> _Your goal_: Look below for the line that has "Khách sạn Quality". Set down the lines from there through the line that has "Mincraft art kribr", exactly as written.

> _Excerpted records_:
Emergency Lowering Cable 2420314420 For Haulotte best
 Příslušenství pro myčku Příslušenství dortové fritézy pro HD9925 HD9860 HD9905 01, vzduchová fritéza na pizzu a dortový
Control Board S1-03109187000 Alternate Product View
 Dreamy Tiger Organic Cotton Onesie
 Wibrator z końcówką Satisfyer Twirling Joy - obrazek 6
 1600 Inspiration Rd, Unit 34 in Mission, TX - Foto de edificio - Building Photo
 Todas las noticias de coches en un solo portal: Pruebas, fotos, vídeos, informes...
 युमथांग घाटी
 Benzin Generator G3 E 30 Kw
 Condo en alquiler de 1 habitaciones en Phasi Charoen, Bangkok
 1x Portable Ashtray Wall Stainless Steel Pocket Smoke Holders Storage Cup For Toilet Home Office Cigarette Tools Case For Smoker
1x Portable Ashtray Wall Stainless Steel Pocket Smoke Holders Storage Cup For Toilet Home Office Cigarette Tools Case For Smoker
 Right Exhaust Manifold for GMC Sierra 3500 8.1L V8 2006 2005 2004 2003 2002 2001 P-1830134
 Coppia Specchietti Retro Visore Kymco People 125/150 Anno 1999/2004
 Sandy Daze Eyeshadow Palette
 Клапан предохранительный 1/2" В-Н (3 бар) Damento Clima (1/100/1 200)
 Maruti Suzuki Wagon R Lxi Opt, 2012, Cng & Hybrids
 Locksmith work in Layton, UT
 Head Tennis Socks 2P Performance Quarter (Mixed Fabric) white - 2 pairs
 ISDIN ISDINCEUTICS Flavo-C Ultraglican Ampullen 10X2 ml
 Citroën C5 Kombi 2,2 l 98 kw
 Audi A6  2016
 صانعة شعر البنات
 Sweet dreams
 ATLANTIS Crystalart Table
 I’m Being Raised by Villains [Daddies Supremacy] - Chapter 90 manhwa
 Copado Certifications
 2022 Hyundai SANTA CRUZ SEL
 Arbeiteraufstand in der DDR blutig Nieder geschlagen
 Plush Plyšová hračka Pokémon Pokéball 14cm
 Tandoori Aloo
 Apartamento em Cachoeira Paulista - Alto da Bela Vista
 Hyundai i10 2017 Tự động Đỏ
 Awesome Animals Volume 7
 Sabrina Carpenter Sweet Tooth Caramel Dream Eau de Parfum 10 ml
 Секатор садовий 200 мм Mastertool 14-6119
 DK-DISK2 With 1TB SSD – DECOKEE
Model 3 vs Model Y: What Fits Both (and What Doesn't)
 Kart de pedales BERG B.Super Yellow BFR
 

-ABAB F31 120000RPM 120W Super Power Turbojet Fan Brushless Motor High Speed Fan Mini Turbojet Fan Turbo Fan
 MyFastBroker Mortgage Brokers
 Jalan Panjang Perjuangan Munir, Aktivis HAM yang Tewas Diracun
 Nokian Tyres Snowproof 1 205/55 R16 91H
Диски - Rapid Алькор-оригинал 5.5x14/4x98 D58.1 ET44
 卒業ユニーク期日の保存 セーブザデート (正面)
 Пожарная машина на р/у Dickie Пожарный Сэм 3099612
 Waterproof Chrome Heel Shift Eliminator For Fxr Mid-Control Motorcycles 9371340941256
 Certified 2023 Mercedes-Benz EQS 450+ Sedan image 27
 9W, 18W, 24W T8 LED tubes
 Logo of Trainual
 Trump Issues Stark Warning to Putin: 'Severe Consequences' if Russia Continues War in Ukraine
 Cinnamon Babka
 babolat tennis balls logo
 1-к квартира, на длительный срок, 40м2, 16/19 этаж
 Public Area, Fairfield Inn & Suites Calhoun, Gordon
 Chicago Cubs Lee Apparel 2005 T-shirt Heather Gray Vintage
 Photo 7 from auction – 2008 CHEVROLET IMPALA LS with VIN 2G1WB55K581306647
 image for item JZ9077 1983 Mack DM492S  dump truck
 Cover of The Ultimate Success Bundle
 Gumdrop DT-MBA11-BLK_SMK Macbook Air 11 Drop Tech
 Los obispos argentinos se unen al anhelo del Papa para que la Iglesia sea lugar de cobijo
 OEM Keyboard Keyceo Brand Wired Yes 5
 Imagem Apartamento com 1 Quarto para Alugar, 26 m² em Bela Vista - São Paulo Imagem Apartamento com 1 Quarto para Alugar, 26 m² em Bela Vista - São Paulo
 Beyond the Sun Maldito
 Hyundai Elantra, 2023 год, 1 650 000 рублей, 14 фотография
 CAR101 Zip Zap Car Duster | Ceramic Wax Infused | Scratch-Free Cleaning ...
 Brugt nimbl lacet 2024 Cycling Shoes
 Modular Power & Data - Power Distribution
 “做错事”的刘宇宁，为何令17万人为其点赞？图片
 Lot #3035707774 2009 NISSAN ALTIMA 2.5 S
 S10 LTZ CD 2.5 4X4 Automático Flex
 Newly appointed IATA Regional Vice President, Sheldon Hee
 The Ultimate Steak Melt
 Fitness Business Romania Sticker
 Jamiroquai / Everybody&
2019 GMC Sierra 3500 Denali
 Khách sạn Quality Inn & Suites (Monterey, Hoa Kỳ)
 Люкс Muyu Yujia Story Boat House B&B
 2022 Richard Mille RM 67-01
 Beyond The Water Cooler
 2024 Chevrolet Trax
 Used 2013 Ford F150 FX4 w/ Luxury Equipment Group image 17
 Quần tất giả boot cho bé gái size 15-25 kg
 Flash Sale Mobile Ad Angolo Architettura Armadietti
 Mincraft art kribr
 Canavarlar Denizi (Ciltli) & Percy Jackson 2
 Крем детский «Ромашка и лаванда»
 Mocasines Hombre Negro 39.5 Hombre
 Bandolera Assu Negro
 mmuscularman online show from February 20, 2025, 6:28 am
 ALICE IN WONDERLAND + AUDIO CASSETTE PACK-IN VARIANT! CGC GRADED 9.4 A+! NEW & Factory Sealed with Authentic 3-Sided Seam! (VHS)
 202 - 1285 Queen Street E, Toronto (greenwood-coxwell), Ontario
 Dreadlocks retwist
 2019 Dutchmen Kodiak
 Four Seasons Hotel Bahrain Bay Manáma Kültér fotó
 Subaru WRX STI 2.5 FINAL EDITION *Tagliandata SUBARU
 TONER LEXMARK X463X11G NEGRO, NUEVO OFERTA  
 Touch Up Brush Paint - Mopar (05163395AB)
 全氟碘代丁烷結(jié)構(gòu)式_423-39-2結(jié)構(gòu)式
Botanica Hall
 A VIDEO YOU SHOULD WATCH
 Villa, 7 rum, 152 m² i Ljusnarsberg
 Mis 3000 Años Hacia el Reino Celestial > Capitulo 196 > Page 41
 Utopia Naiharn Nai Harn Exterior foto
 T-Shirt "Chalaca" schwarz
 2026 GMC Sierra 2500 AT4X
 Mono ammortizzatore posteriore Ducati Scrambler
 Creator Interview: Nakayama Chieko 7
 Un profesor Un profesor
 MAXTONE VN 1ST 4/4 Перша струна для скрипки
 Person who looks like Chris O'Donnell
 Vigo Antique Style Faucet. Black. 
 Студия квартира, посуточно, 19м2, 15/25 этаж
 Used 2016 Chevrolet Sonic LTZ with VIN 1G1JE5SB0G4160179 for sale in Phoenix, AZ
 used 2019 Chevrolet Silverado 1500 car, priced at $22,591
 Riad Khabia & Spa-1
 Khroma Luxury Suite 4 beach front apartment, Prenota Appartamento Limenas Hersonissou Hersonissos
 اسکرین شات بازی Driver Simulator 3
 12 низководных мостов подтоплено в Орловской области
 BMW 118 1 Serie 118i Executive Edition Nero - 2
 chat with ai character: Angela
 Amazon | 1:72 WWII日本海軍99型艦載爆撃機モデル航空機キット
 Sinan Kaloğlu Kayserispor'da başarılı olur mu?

> _Answer for the task_:
 Khách sạn Quality Inn & Suites (Monterey, Hoa Kỳ)
 Люкс Muyu Yujia Story Boat House B&B
 2022 Richard Mille RM 67-01
 Beyond The Water Cooler
 2024 Chevrolet Trax
 Used 2013 Ford F150 FX4 w/ Luxury Equipment Group image 17
 Quần tất giả boot cho bé gái size 15-25 kg
 Flash Sale Mobile Ad Angolo Architettura Armadietti
 Mincraft art kribr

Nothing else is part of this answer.